George, 72, was diagnosed with inoperable pancreatic cancer adenocarcinoma which had spread to the liver in April 2011.

1 April 2012

I’ll never really know, but I guess my problems may have started in September 2010, when I consistently woke up in the middle of each night with a strange feeling in my abdomen which was not painful and which I could only describe to my GP as “butterflies”. We both agreed that it may have been due to stress (I had been organising my daughter’s wedding) and it would probably go away. But it didn’t! I subsequently asked my GP for something to help me sleep and, after she carefully examined my stomach, I was prescribed anti-depressants.

The feeling then changed to a mild cramp which only occurred when I was laying on my back and which disappeared when I turned onto my side. My GP indicated that this was almost certainly a muscular problem and nothing to worry about. But then the “cramp” occurred more regularly, whether I was lying, sitting or standing and it became quite painful. Another visit to my GP, another stomach-feeling session and she organised an ultrasound scan.

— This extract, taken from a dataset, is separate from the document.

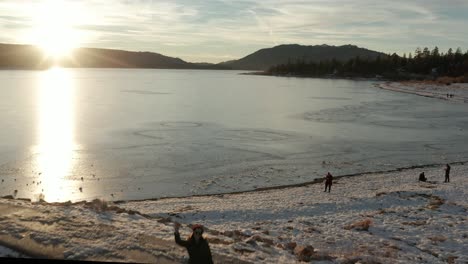 Fast-flyover-of-waving-woman-silhouetted-on-pier-towards-frozen-lake-at-sunset-hour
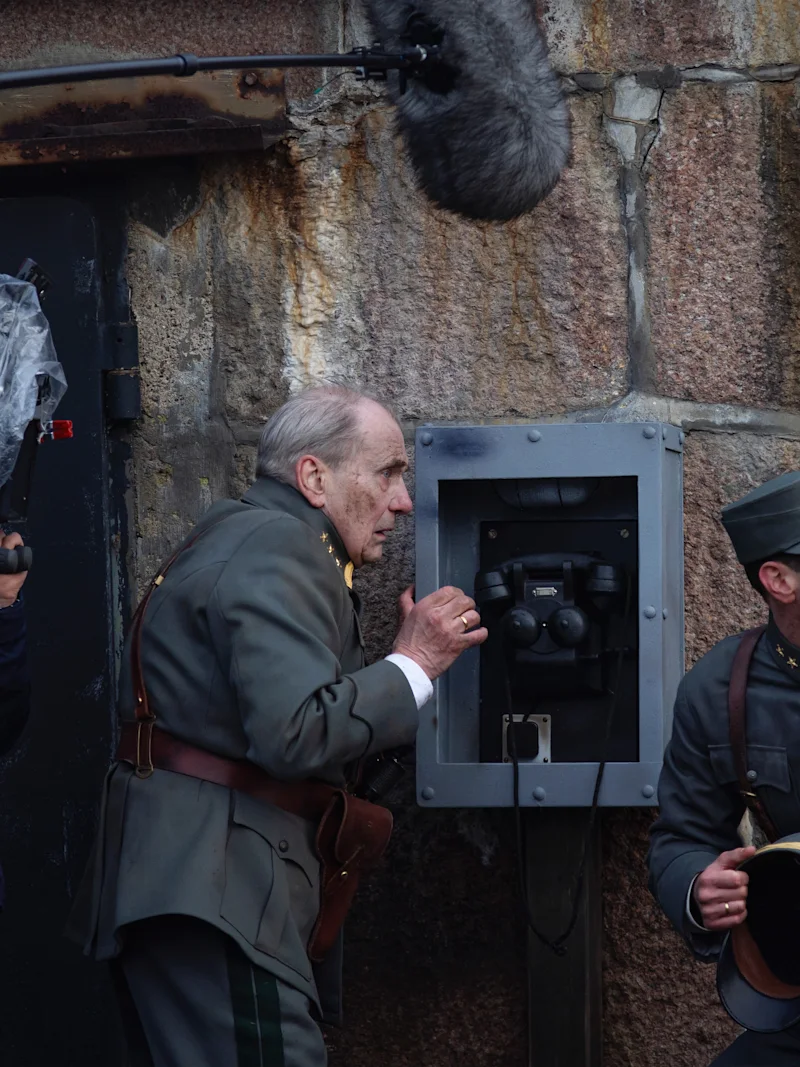 En kameraman filmar två skådespelare klädda som soldater som använder en gammal telefon på en vägg av sten. En skådespelare lyssnar uppmärksamt medan den andra hukar med en hatt i handen.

I had this in April, 2011 and then things happened quickly. The radiologist informed me that “something” was on my pancreas and also my liver and that she would contact my GP immediately recommending that I see a specialist urgently. At this point, my wife and I decided to see a specialist surgeon privately. This I did and he organised a CT scan which found a large tumour on my pancreas and several smaller ones on my liver. He indicated that these may not necessarily be malignant and that biopsies would be necessary.

At this point, I searched the internet and learned several unpleasant facts….pancreatic cancer is the most difficult to treat…..only one in four sufferers last 12 months, etc. So, I began to plan for the worst, but hoped for the best. I started to “get my house in order” so that my wife could deal with various matters such as internet banking, etc. after my death. I also made a point of not buying anything for myself, cancelling holidays and generally became very depressed and miserable.

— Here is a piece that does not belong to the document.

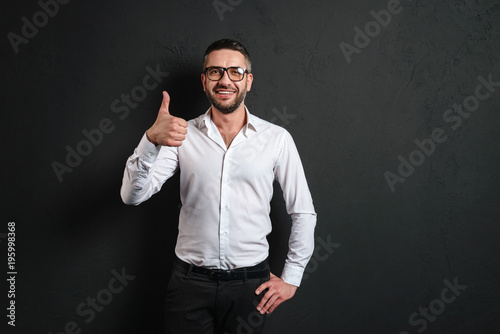 Cheerful businessman showing thumbs up.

A subsequent liver biopsy proved inconclusive (this raised our hopes) but then an endoscopy into my pancreas confirmed the malignancy and a laparoscopy confirmed that the tumours on my liver were also malignant. This apparently ruled out an operation to remove the pancreatic tumour.

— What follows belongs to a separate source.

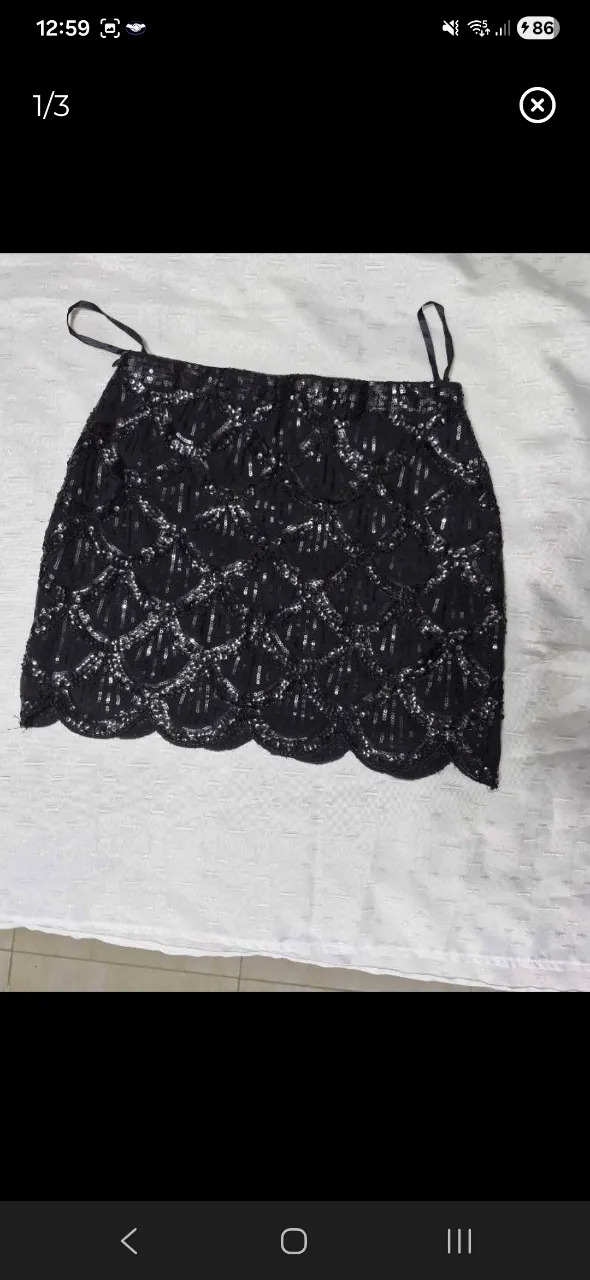 Pollera negra corta con lentejuelas plateadas en forma de escamas. Tiene tiras finas para colgar.
cintura 34. largo 36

The next step was chemotherapy and, not having private medical insurance, and knowing the likely cost of chemotherapy, we initially opted for NHS treatment and I had the usual preliminary visits to hospital to arrange this. However, I then heard about a paper in the “New England Journal” which discussed the effects of treatment of metastatic pancreatic cancer using a chemotherapy drug called FOLFIRINOX and which showed a fairly significant increase in life expectancy over GEMCITABINE and CISPLATIN which the local NHS were using. My initial reaction was that it was out of the question to fund this myself, since, although we have savings, a likely cost of £45,000 or so for an extra 6 months or so of life seemed very expensive (I am a Yorkshireman!).

My wife and daughters had other opinions however and they persuaded me to see an oncologist privately. He indicated that, although I was 71, I was quite fit and suggested that we go ahead and then review the situation after 4 treatments. So, very much against my best intentions I agreed (women can be very persuasive). Then, oh dear! The after effects of the first chemotherapy were not good! I went through a 48 hour period of constant vomiting. I felt terrible and the fact that I was actually paying for this pain made it worse. I just wanted to die and decided that enough was enough, so no more chemotherapy. I cancelled the second session and instead had a discussion with the oncologist. He suggested that he reduce the drug to 80% of its normal dose and asked me to consider this. Again, much pressure from my wife and daughters and I agreed.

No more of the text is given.